→ **Aim of the exercise**
Copy out exactly, from the entries that follow, the line holding "Casa en arriendo", the line holding "2021 Honda Accord Touring - Photo 20", and all lines between them, but no pictures.

→ **Exercise input**
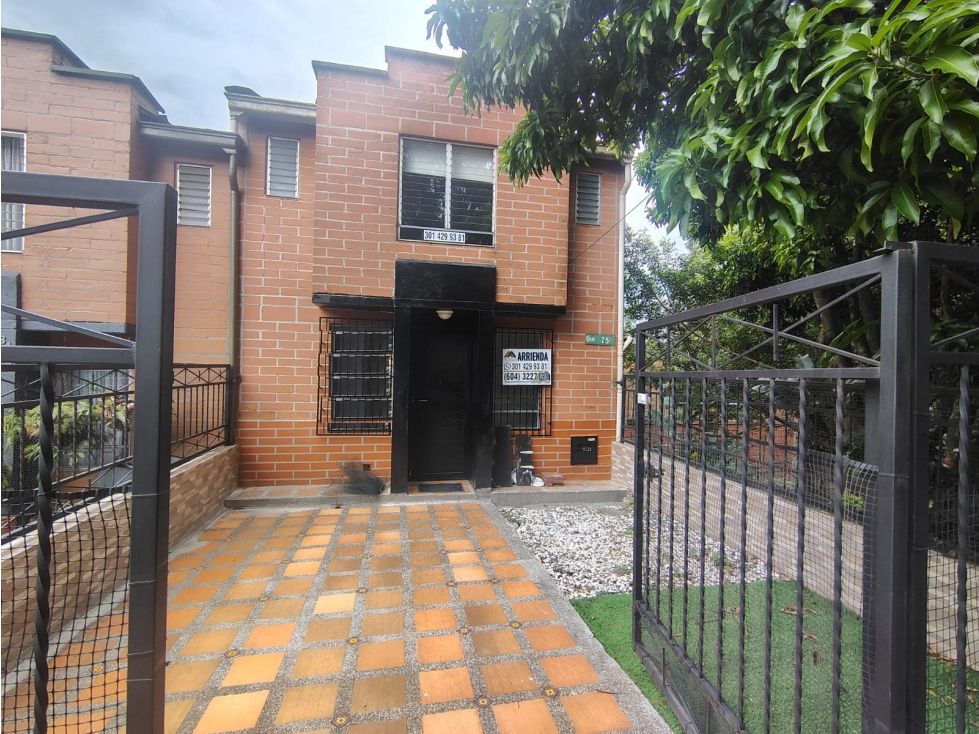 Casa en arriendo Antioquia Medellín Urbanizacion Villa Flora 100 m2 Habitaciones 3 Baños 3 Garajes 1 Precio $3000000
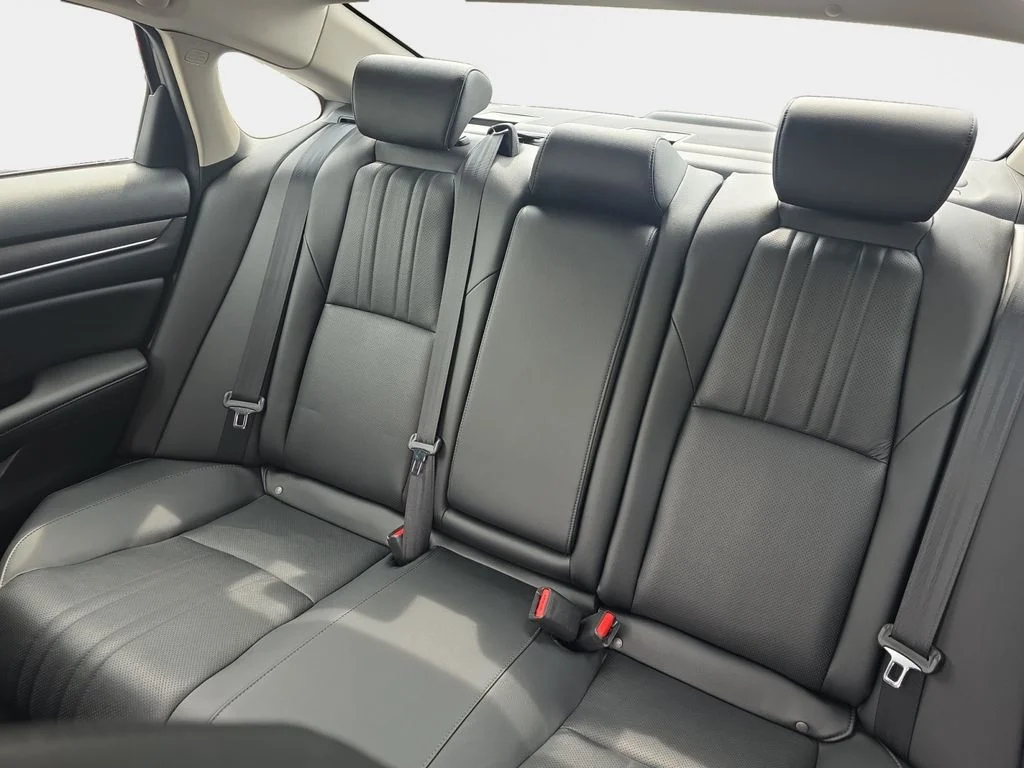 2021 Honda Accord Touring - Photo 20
---
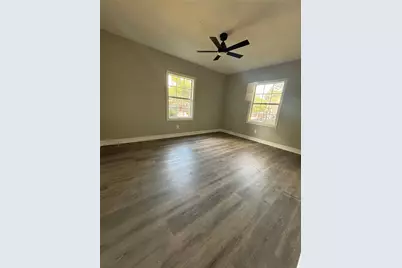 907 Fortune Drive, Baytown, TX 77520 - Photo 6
==
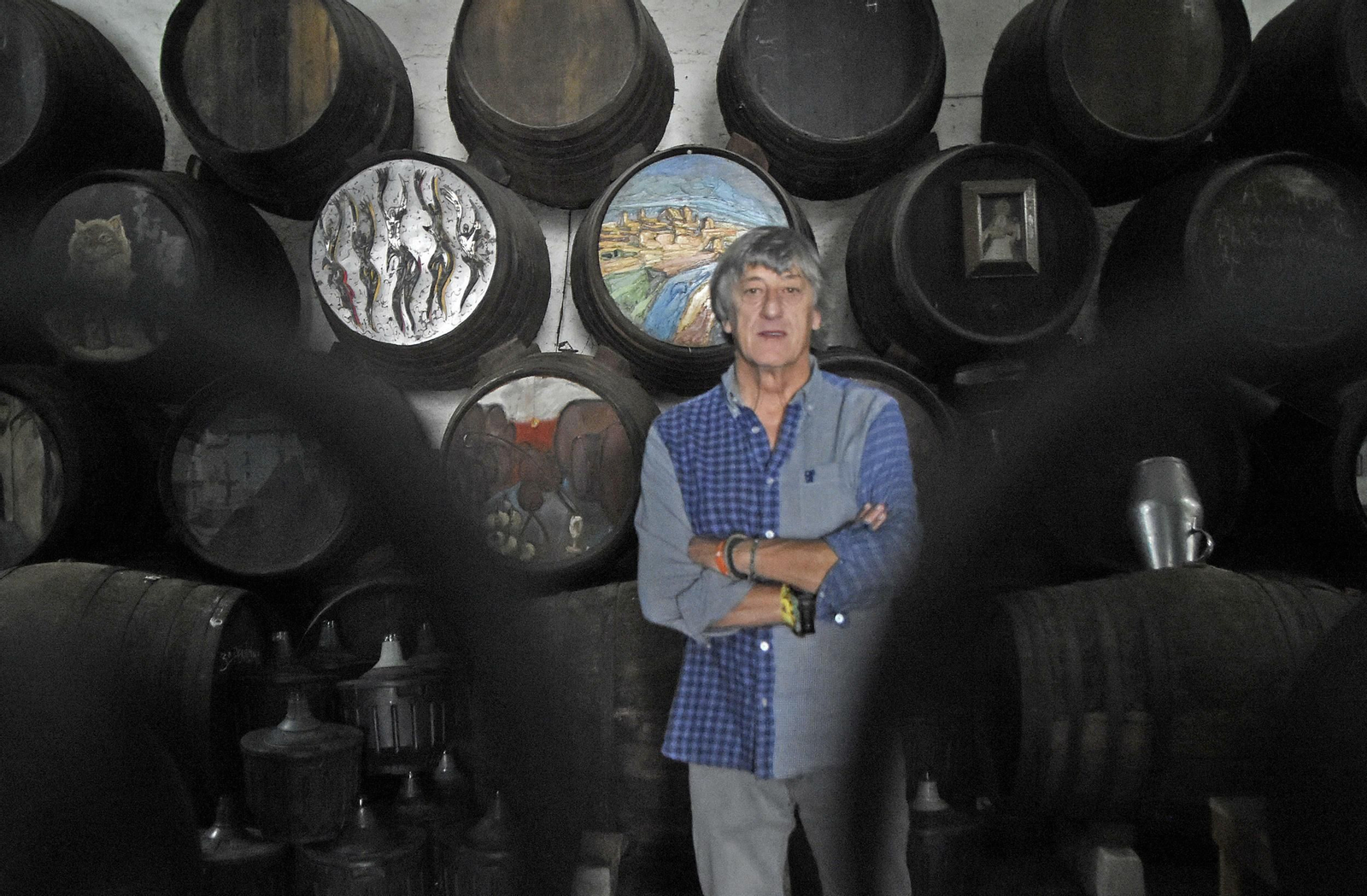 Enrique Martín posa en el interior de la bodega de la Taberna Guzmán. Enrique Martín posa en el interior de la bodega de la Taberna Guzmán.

→ **Result of this task**
 Casa en arriendo Antioquia Medellín Urbanizacion Villa Flora 100 m2 Habitaciones 3 Baños 3 Garajes 1 Precio $3000000
 2021 Honda Accord Touring - Photo 20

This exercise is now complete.